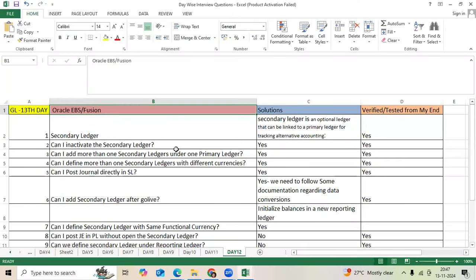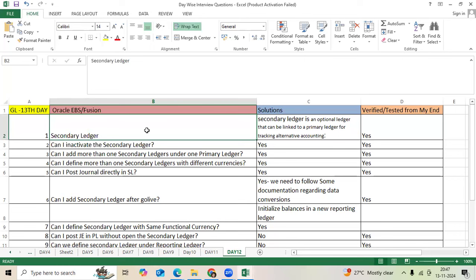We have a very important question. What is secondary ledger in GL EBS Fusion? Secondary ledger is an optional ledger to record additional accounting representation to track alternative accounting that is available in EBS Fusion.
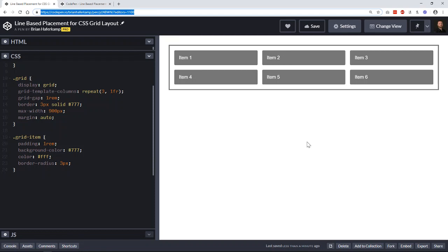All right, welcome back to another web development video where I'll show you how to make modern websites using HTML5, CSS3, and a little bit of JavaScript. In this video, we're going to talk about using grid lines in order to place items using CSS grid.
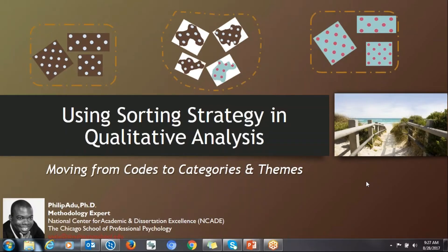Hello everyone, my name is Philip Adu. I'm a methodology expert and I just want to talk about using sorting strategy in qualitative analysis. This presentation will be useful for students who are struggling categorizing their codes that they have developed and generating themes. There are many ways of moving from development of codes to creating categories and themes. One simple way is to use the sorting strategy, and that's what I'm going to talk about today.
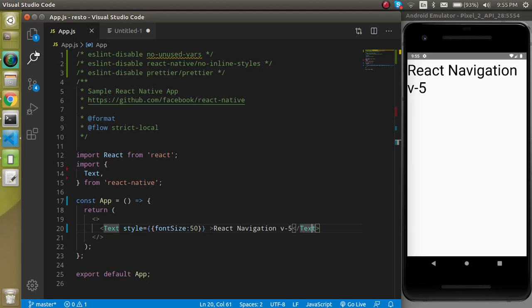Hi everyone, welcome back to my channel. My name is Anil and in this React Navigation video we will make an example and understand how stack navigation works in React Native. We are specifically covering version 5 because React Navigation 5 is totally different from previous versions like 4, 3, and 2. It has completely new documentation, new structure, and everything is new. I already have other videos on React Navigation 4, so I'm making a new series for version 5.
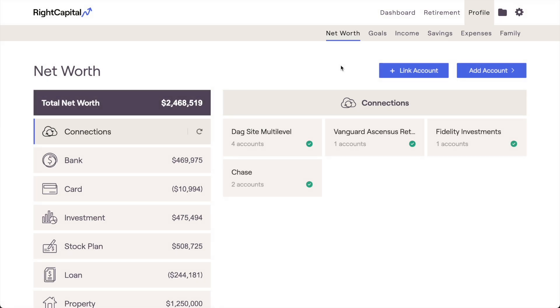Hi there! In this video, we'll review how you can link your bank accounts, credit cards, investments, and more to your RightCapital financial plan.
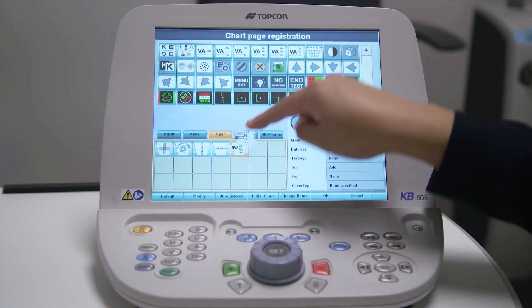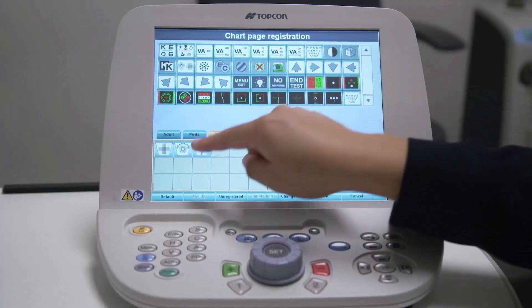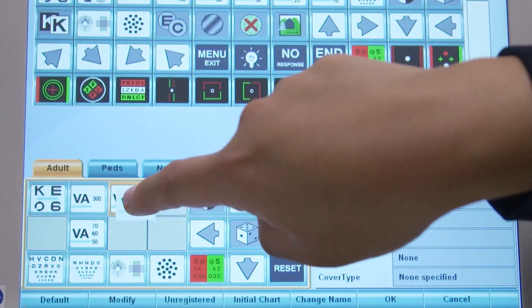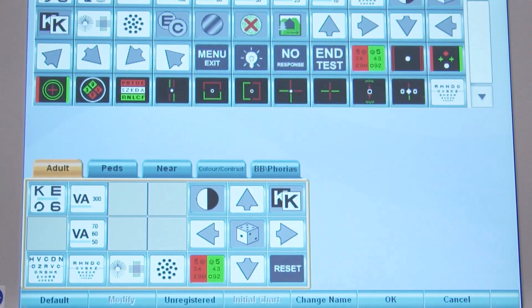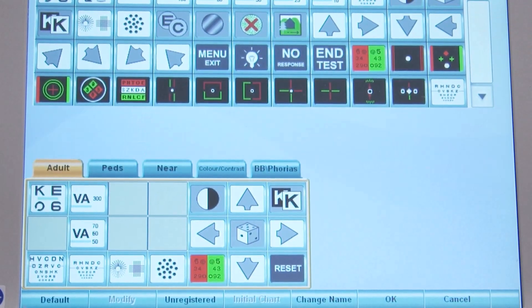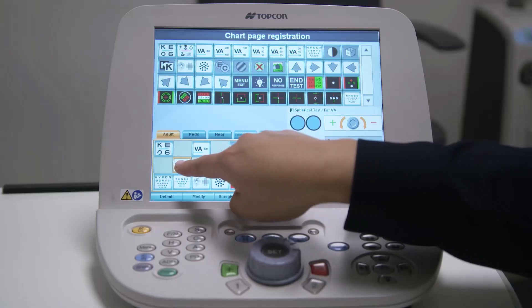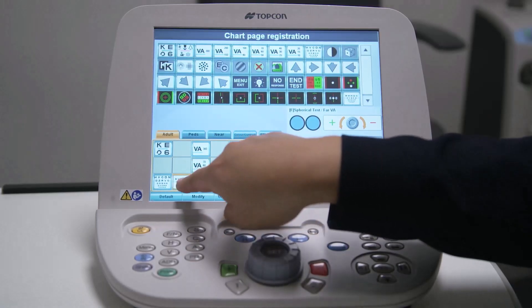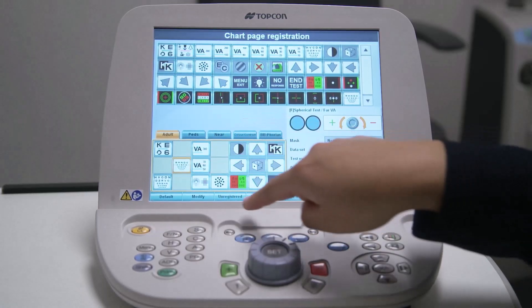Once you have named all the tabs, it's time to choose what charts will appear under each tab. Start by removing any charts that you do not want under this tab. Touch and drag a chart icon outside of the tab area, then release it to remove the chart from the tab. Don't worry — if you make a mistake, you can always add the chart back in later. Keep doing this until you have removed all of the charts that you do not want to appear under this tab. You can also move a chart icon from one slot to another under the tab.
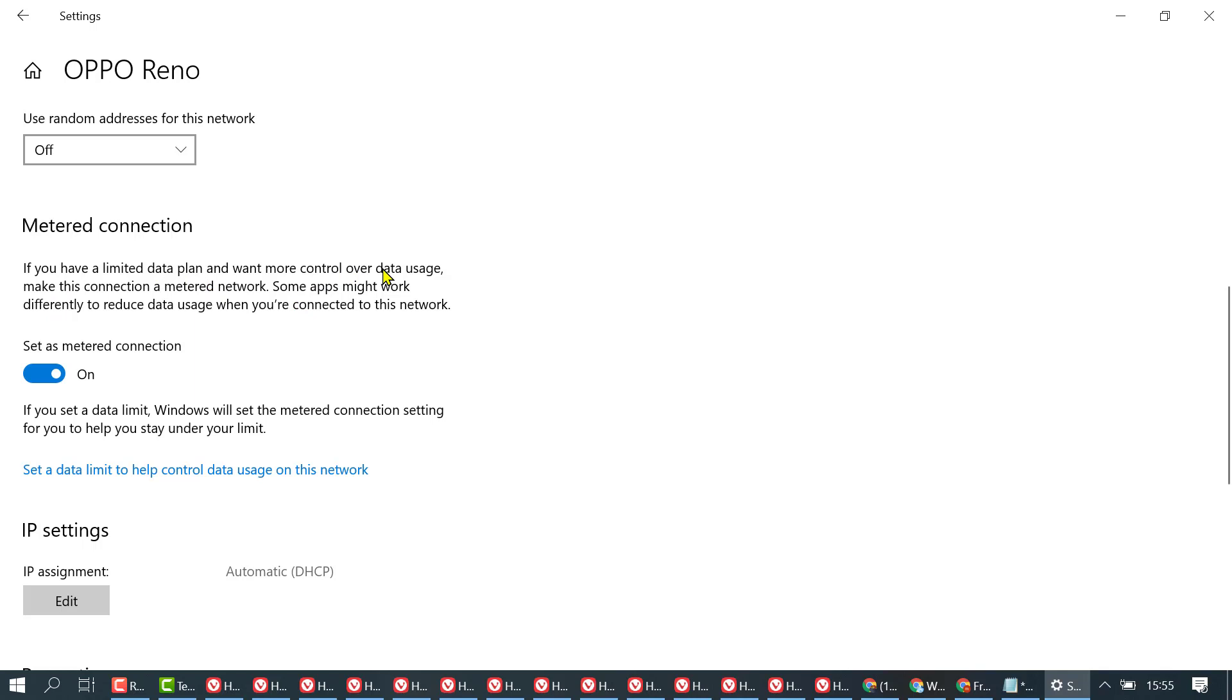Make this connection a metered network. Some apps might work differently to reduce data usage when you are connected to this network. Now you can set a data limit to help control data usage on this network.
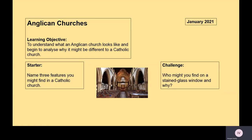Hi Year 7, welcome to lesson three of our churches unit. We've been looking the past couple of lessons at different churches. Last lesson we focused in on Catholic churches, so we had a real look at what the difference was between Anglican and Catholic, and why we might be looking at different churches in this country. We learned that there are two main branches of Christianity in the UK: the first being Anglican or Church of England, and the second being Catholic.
________________________________________
# Task goal
What is needed is an exact copy of the data, with the pictures removed.

# Solution
We have a very important question. What is secondary ledger in GL EBS Fusion? Secondary ledger is an optional ledger to record additional accounting representation to track alternative accounting that is available in EBS Fusion.
All right, welcome back to another web development video where I'll show you how to make modern websites using HTML5, CSS3, and a little bit of JavaScript. In this video, we're going to talk about using grid lines in order to place items using CSS grid.
Hello everyone, my name is Philip Adu. I'm a methodology expert and I just want to talk about using sorting strategy in qualitative analysis. This presentation will be useful for students who are struggling categorizing their codes that they have developed and generating themes. There are many ways of moving from development of codes to creating categories and themes. One simple way is to use the sorting strategy, and that's what I'm going to talk about today.
Hi everyone, welcome back to my channel. My name is Anil and in this React Navigation video we will make an example and understand how stack navigation works in React Native. We are specifically covering version 5 because React Navigation 5 is totally different from previous versions like 4, 3, and 2. It has completely new documentation, new structure, and everything is new. I already have other videos on React Navigation 4, so I'm making a new series for version 5.
Hi there! In this video, we'll review how you can link your bank accounts, credit cards, investments, and more to your RightCapital financial plan.
Once you have named all the tabs, it's time to choose what charts will appear under each tab. Start by removing any charts that you do not want under this tab. Touch and drag a chart icon outside of the tab area, then release it to remove the chart from the tab. Don't worry — if you make a mistake, you can always add the chart back in later. Keep doing this until you have removed all of the charts that you do not want to appear under this tab. You can also move a chart icon from one slot to another under the tab.
Make this connection a metered network. Some apps might work differently to reduce data usage when you are connected to this network. Now you can set a data limit to help control data usage on this network.
Hi Year 7, welcome to lesson three of our churches unit. We've been looking the past couple of lessons at different churches. Last lesson we focused in on Catholic churches, so we had a real look at what the difference was between Anglican and Catholic, and why we might be looking at different churches in this country. We learned that there are two main branches of Christianity in the UK: the first being Anglican or Church of England, and the second being Catholic.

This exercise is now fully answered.